Satisfied, Shizuka returned to his book, sake cup cradled idly in the other hand.

Kimihiro glowered at him when the lunch was cleared away and he’d pulled out a notebook in which he was halfway through a homework assignment. He too held on to his sake cup, keeping half his attention on Shizuka and the rest on his notebook.

The second time Shizuka took a sip from his cup, Kimihiro copied the gesture discreetly.

The third and fourth times, Kimihiro sipped with Shizuka in tandem, all the while appearing to be wholly focused on his homework, and Shizuka on his book.

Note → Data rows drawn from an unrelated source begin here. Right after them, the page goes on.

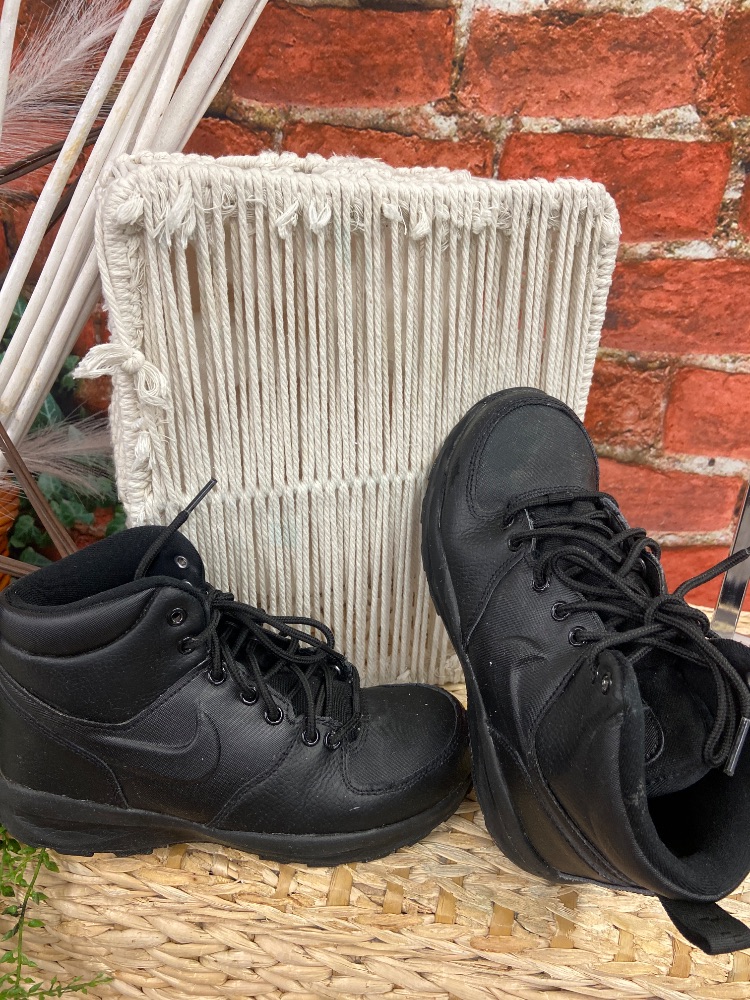 Nike youth
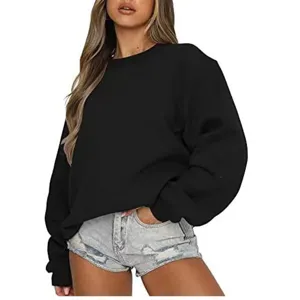 Vue détaillée sweat-shirt noir col rond, haut pull manches longues style casual chic.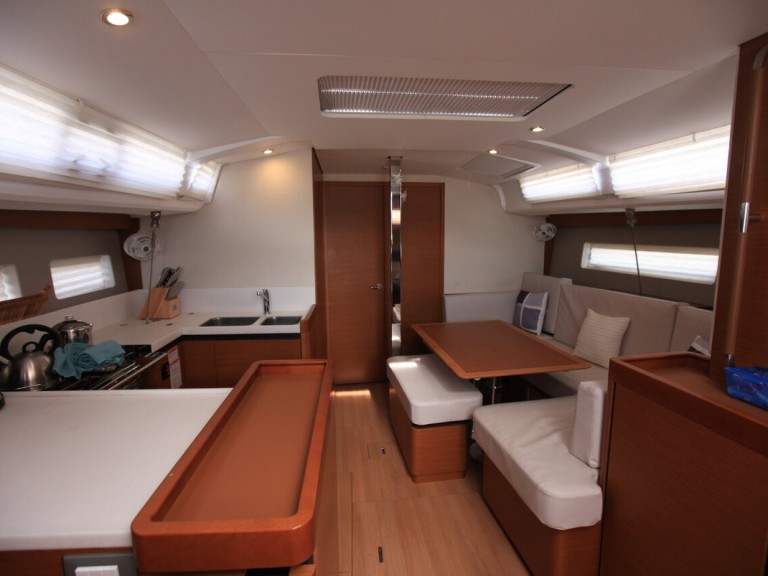 YachtCharter in Road Town - Jeanneau Sun Odyssey 440 auf SamBoat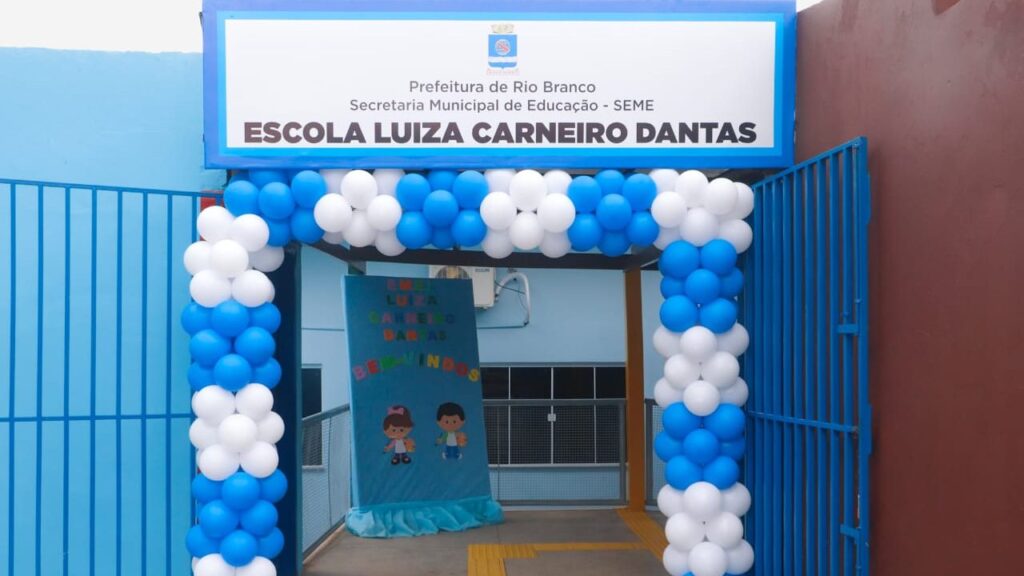 prefeitura-de-rio-branco-reinaugura-e-credencia-escola-municipal-de-ensino-infantil-luiza-carneiro-dantas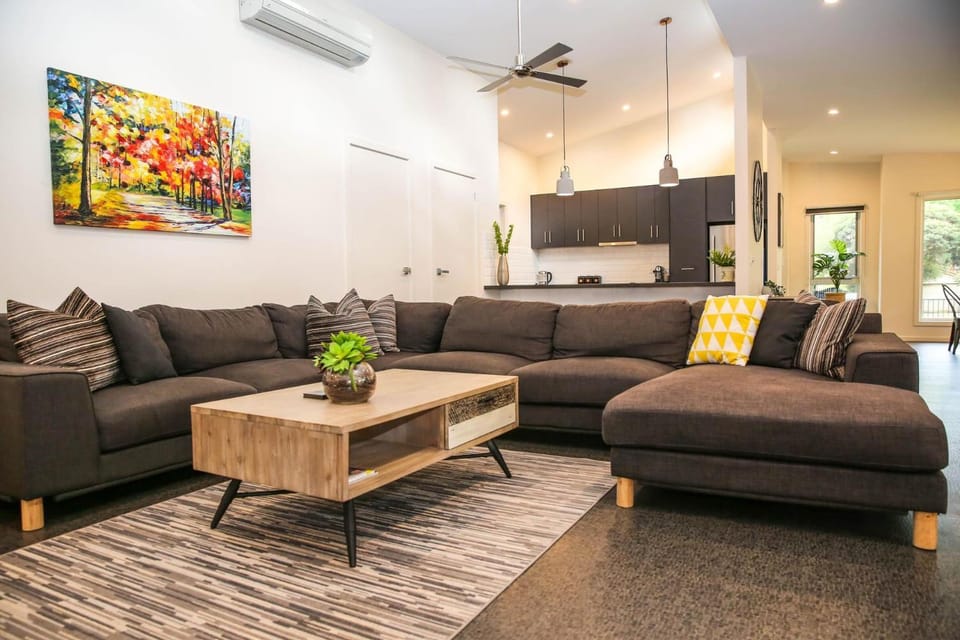 TV and multimedia, Living room, Seating area, heating, pet friendly, kitchen, air conditioner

The fifth time Shizuka lifted the cup to his lips, Kimihiro was in the middle of scribbling something down, and so didn’t notice. Shizuka briefly glanced at him from the corner of his eye and didn’t sip from the cup until Kimihiro had stopped writing and had suddenly seen the upheld position of Shizuka’s cup. Quickly, Kimihiro lifted his own to his lips, and Shizuka drank with him.

The sixth time Shizuka drank, Kimihiro was paying closer attention and managed to sip at the same time.

The seventh time was a repeat of the fifth time; Shizuka waited until Kimihiro noticed, and then drank.

The eighth time, Shizuka had very little sake left in his cup, and so had to sip a very small amount. When he, too, had sipped, Kimihiro tilted his head and glanced sidelong at the thermos of sake, but since he was pretending to not notice anything Shizuka was doing, he didn’t offer to replenish the drink. But he did abandon his homework and just sat holding his drink, repeatedly glancing at Shizuka.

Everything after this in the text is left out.